Whitespaces around character entities
I maintain a large codebase that used quick-xml for years across hundreds of structs.
After switching from 0.37.5 to 0.38, I hit the already well-known whitespace issues. 0.38.1 introduced Config::trim_text which saved me from touching thousands of fields, but now I found the next caveat: XML character entities make trim_text(true) trim more than needed:
#!/usr/bin/env cargo
---
[dependencies]
serde = { version = "1", features = ["derive"] }
quick-xml = { version = "0.38", features = ["serialize"] }
quick-xml-old = { package = "quick-xml", version = "0.37", features = ["serialize"] }
---
use quick_xml::reader::NsReader;
use serde::Deserialize;
use std::result::Result;
#[derive(Debug, Deserialize)]
struct Root {
bar: String,
}
pub fn from_str_trim_text<'de, T>(s: &'de str) -> Result<T, Box<dyn std::error::Error>>
where
T: Deserialize<'de>,
{
let mut reader = NsReader::from_str(s);
let config = reader.config_mut();
config.trim_text(true); // Trims also spaces around decoded &
config.expand_empty_elements = true;
let mut de = quick_xml::de::Deserializer::borrowing(reader);
Ok(T::deserialize(&mut de)?)
}
fn main() -> Result<(), Box<dyn std::error::Error>> {
let xml = r#"
<root>
<bar>
Foo & Bar & Baz Qux Quux
</bar>
</root>"#;
let old: Root = quick_xml_old::de::from_str(xml)?;
let new: Root = quick_xml::de::from_str(xml)?;
let new_trimming: Root = from_str_trim_text(xml)?;
println!("Old: {}", old.bar); // "Foo & Bar & Baz Qux Quux"
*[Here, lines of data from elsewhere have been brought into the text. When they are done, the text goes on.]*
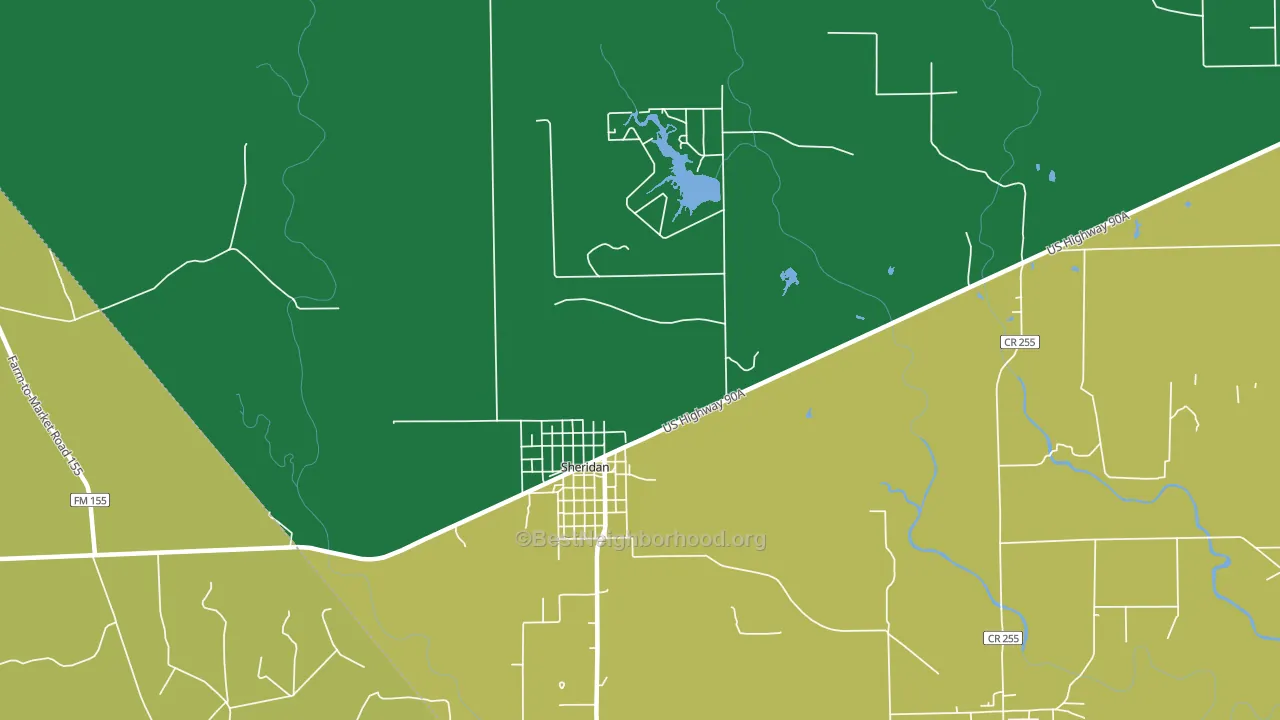 77475, TX block-group voter-turnout map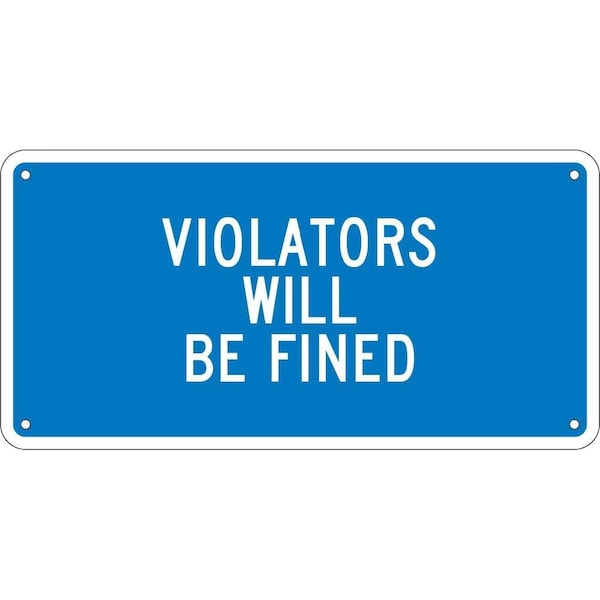 Nmc Violators Will Be Fined Sign, TMA3G TMA3G - main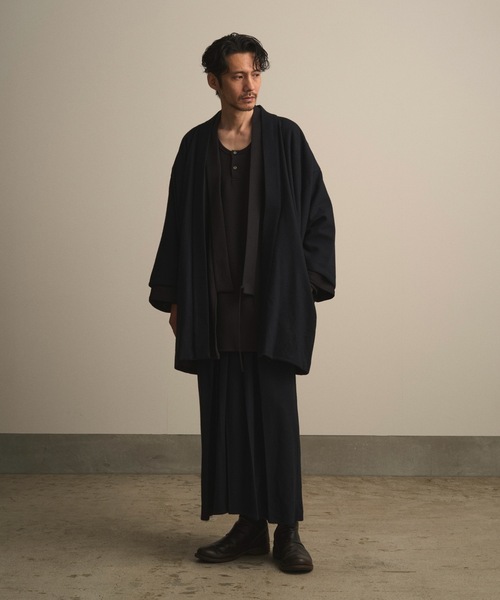 和ROBE(ワローブ)の「和ROBE / WOOL CORDURA EASY HAKAMA(その他パンツ・メンズ・オリーブ/ダークネイビー・2/3)」の13枚目の写真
println!("New: {}", new.bar); // "\n Foo & Bar & Baz Qux Quux\n "
println!("New trimming: {}", new_trimming.bar); // "Foo&Bar&Baz Qux Quux"
Ok(())
}
(cargo +nightly -Zscript example.rs)
I know this is documented behavior (thank you), so I'm not calling it a bug. I’m looking for a solution to preserve "internal" spaces (e.g, around the decoded entities) while still trimming leading/trailing whitespace globally.
The only workaround that comes to my mind atm is either introducing a newtype or using deserialize_with, which are both rather error-prone in a mature codebase like mine and require tons of work.
If there is no existing solution right now, I could try to implement a feature (e.g., a new config option?) if the maintainers think it is a good idea.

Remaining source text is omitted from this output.